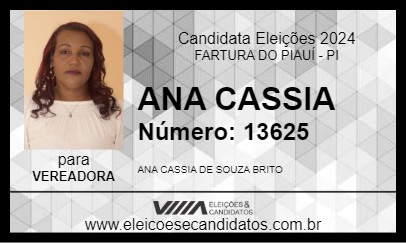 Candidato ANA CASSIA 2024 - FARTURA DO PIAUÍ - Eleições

--

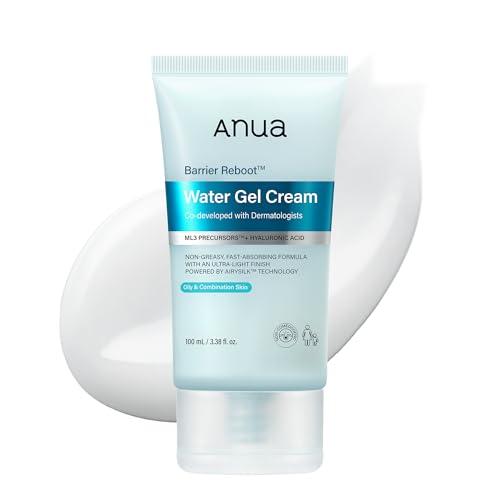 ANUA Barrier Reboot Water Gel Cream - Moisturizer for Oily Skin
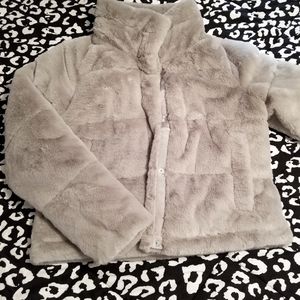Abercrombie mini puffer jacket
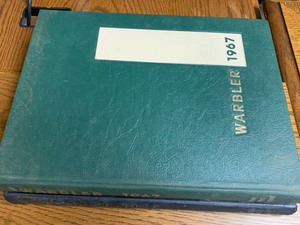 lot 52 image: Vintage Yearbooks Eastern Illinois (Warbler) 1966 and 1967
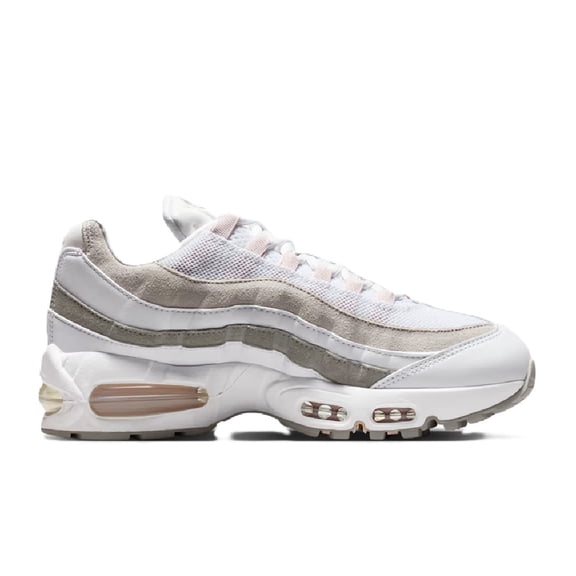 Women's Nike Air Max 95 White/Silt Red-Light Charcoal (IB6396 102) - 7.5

▶ _Task statement_
Above are the records; restate exactly the lines from the one containing "lot 52 image: Vintage" through the one containing "Women's Nike Air", keeping pictures out.

▶ _Expected answer_
 lot 52 image: Vintage Yearbooks Eastern Illinois (Warbler) 1966 and 1967
 Women's Nike Air Max 95 White/Silt Red-Light Charcoal (IB6396 102) - 7.5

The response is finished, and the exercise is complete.